You, Me & Tuscany (PG-13) Pleasant enough, I guess. Halle Bailey stars in this comedy as a thwarted chef-turned-professional New York housesitter who finds herself temporarily homeless until an Italian businessman (Lorenzo de Moor) tells her about a family villa that’s sitting empty in his absence. She travels to the Italian countryside and crashes at his place without permission, but when his family discovers her, she lies and tells them that she’s his fiancée. To complicate matters further, she falls for his cousin (Regé-Jean Page). The farce here is leaden, but Page’s charm helps to smooth over the bumpy parts. The novelty of a Black American woman finding herself at home amid Italy’s sun-dappled scenery and fine food is enough to put this across. Her Italianized recipe for shrimp and grits sounds like it would work, too. Also with Isabella Ferrari, Marco Calvani, Stella Peccolo, Paolo Sassanelli, Tommaso Cassissa, Desirèe Pöpper, Stefania Casini, and Aziza Scott.
Dallas Exclusives
Heads or Tails? (NR) This Italian Western is about a woman (Nadia Tereszkiewicz) who flees across the country’s wilderness pursued by Buffalo Bill (John C. Reilly). Also with Alessandro Borghi, Peter Lanzani, Mirko Artuso, Gabriele Silli, and Gianni Garko.

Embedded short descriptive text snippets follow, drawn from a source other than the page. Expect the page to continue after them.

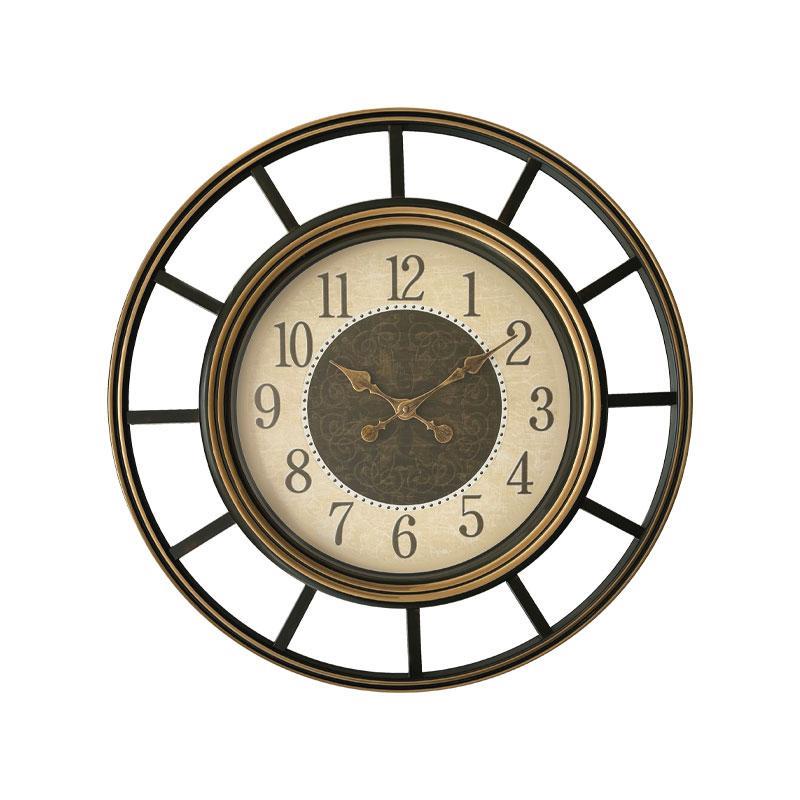 Ρολοϊ τοίχου FL625 Fylliana Στρόγγυλο Μαύρο -Μπρονζέ και Μπεζ χρώμα 60x60x6εκ. Ρολοϊ τοίχου FL625 Fylliana Στρόγγυλο Μαύρο -Μπρονζέ και Μπεζ χρώμα 60x60x6εκ.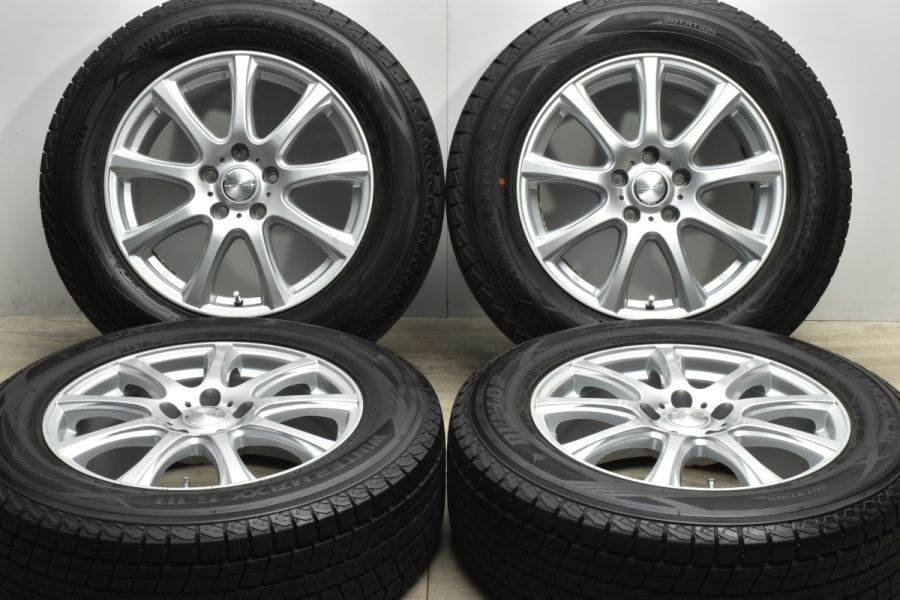 【バリ溝 美品】DUFACT 17in 7J +48 PCD114.3 ダンロップ ウィンターマックス SJ8 225/65R17 エクストレイル  CX-8 CX-5 エスクード 交換用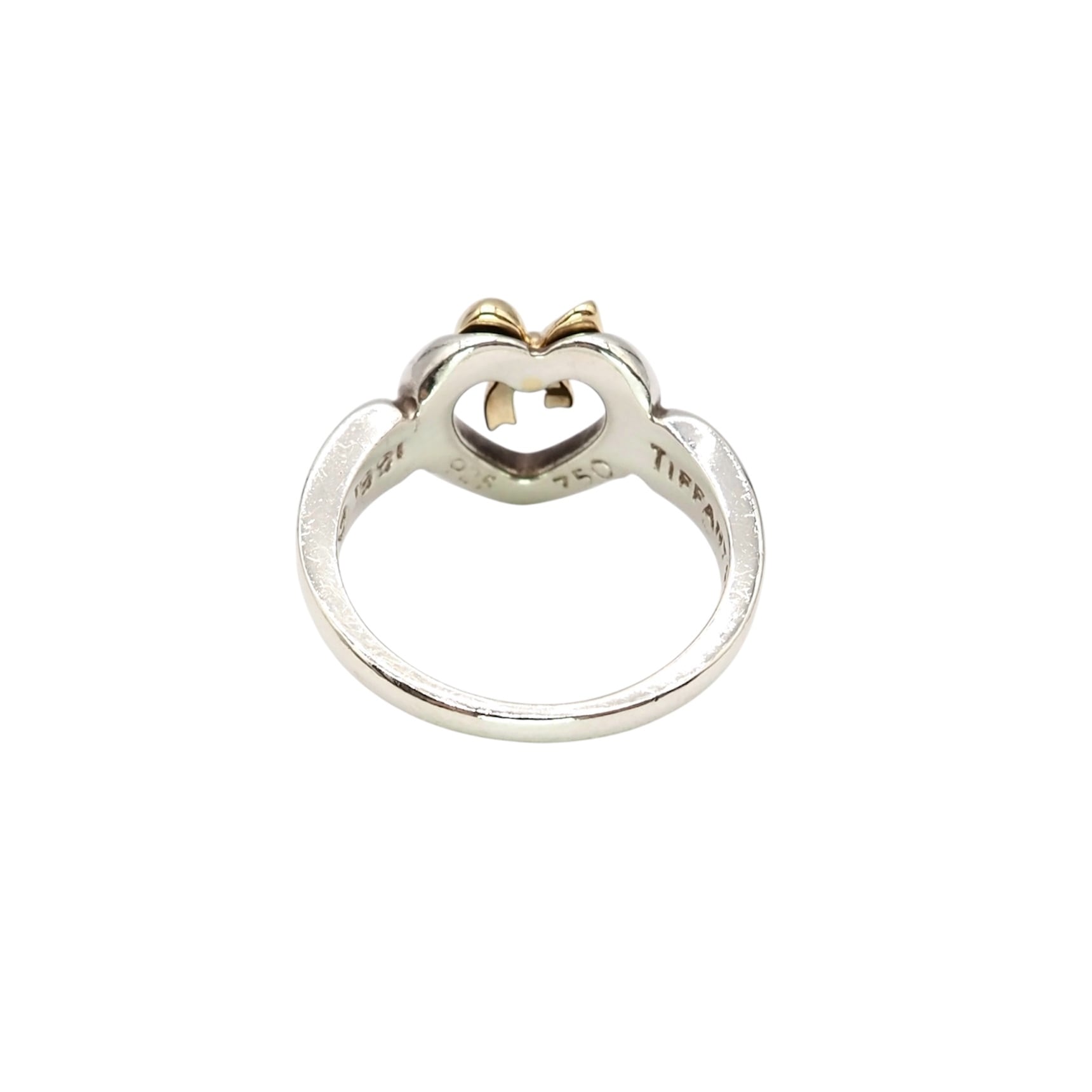 Tiffany&Co. 約8号 ハートウィズボウ リング シルバー925 K18
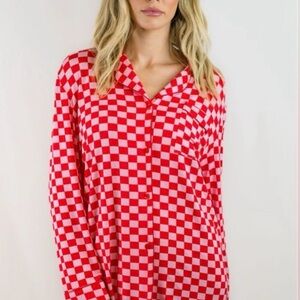 In My Sundays by Mallory Ervin red checkered Pajamas XXL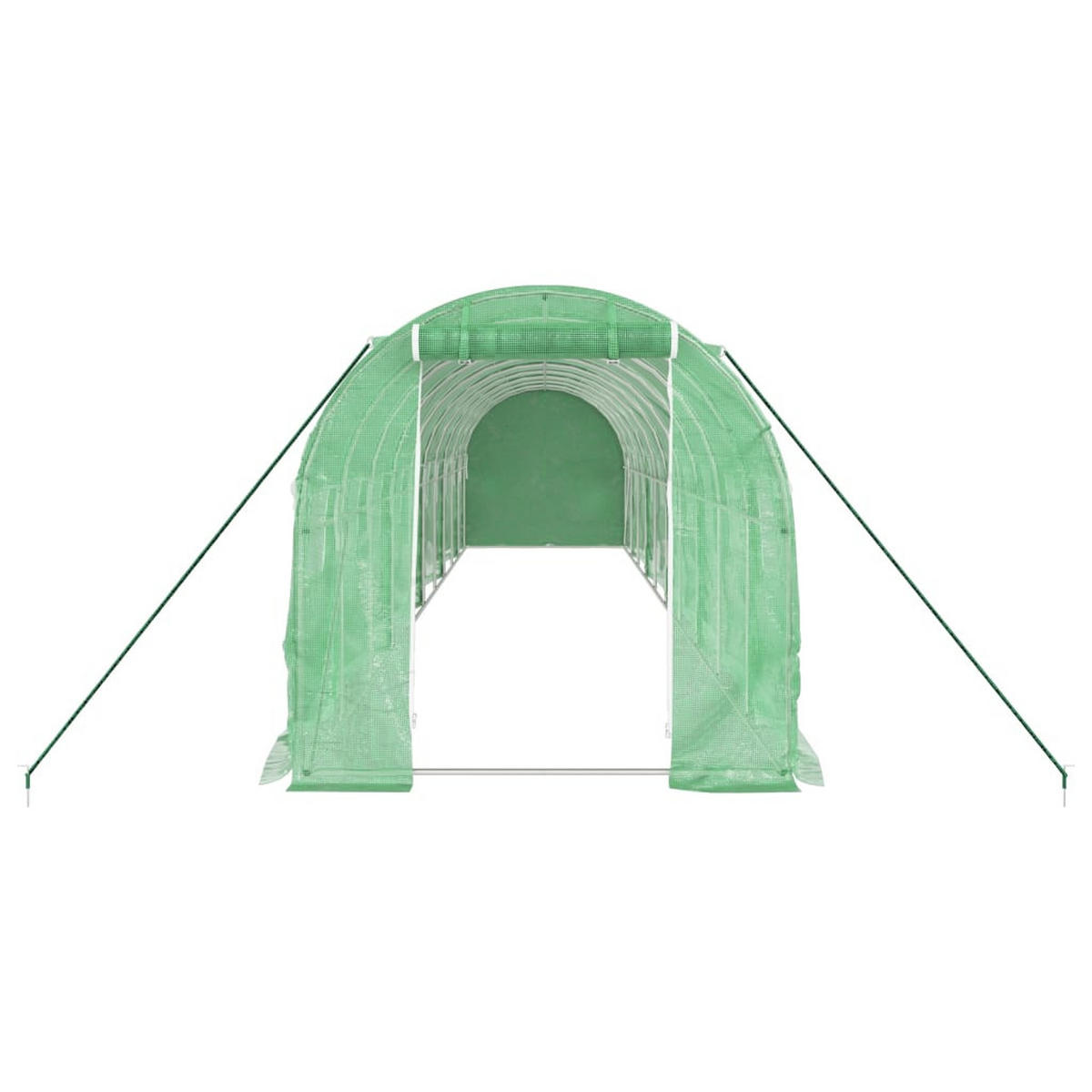 GEWÄCHSHAUS mit Stahlrahmen Grün 20 m² 10x2x2 m - Grün, Kunststoff (10/2/1000cm)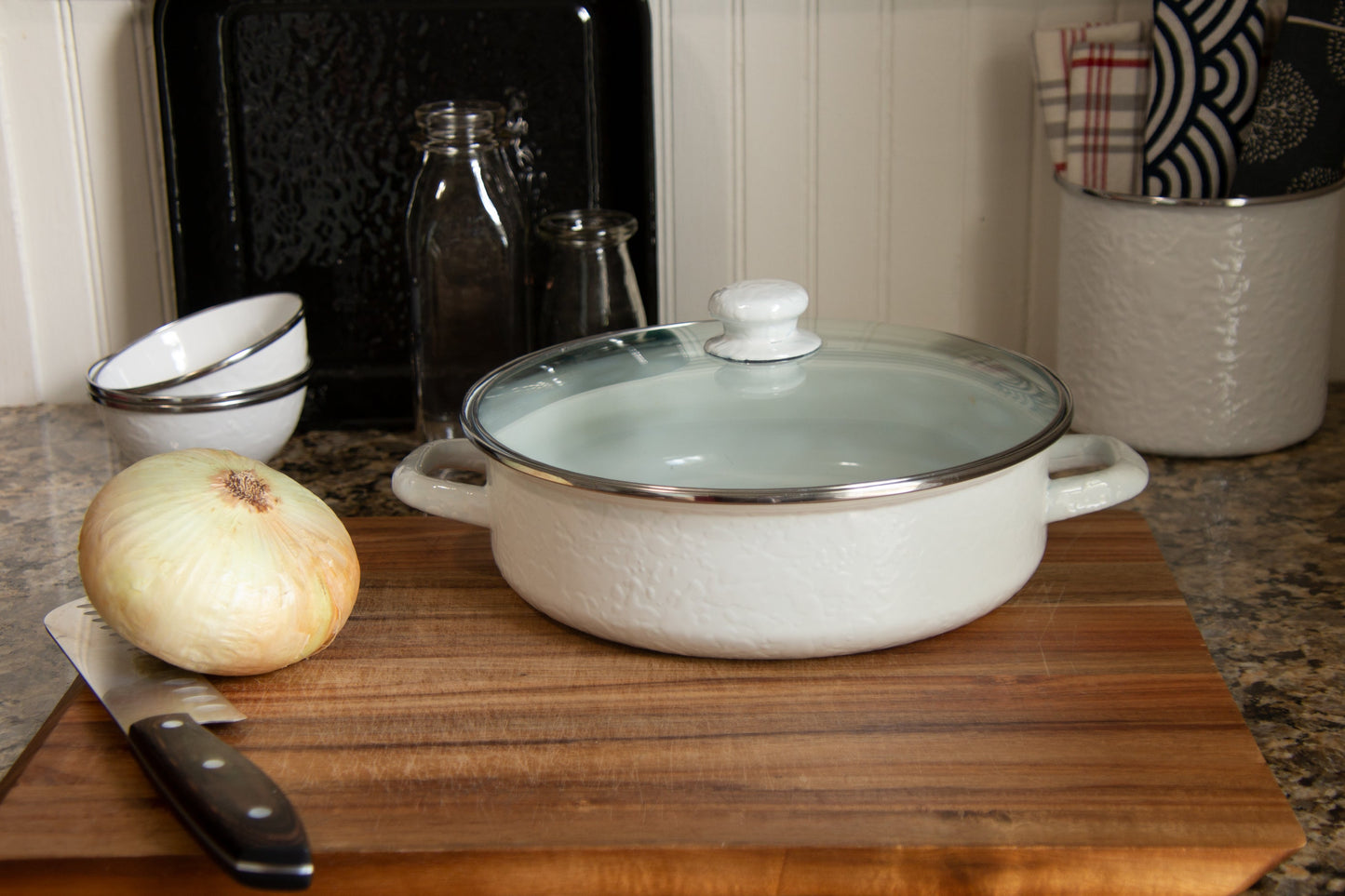 White Solid Small Saute Pan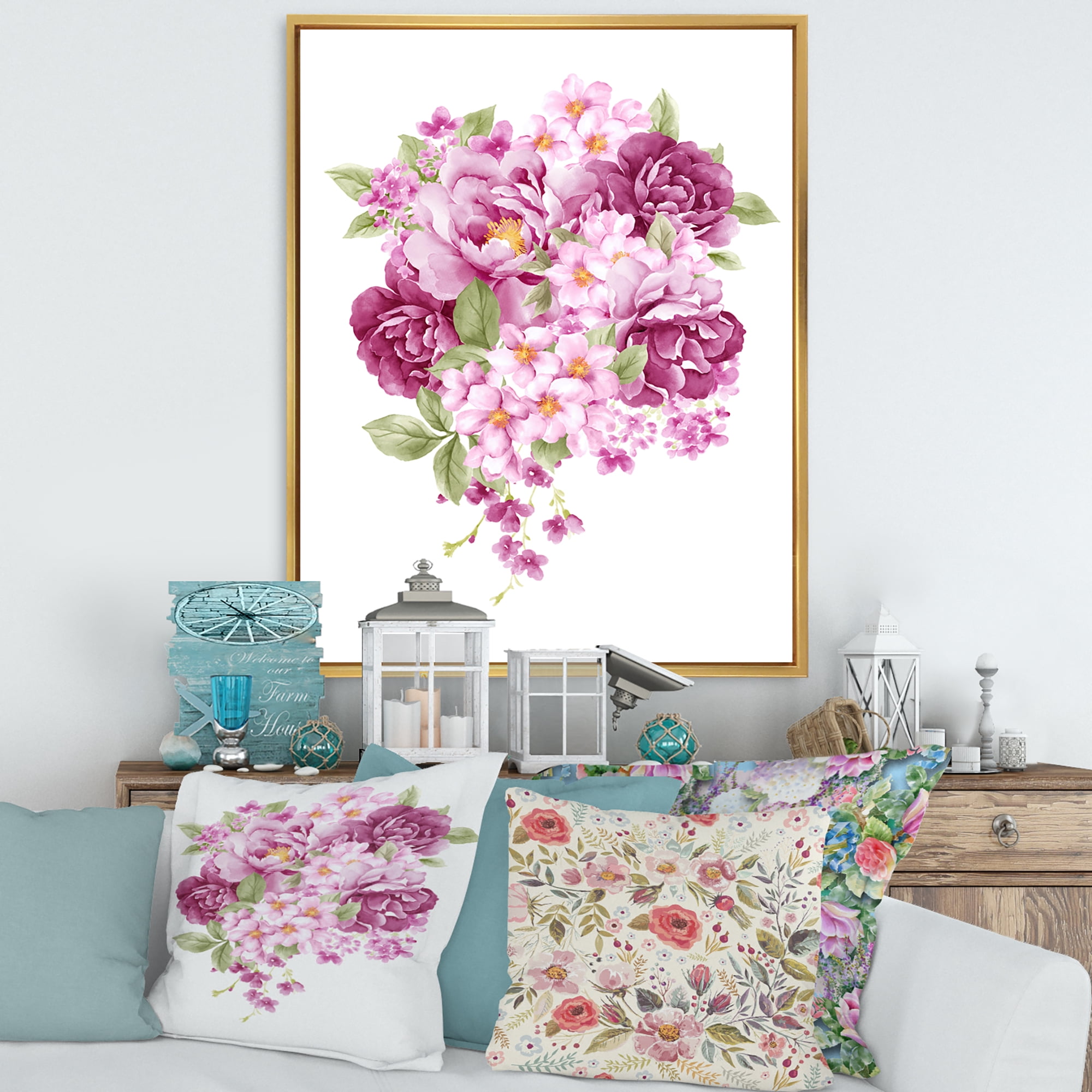 Designart 'Bouquet Of Pink Retro Flowers' Traditional Framed Canvas Wall Art Print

Holy Ghetto (NR) iLan Azoulai’s documentary is about four people who frequent Tel Aviv’s red-light district.
Palestine 36 (NR) This historical drama is about various characters during the Palestinian revolt against British rule in 1936. Starring Hiam Abbass, Robert Aramayo, Karim Daoud Anaya, Liam Cunningham, Billy Howle, Saleh Bakri, Yasmine al-Massri, and Jeremy Irons.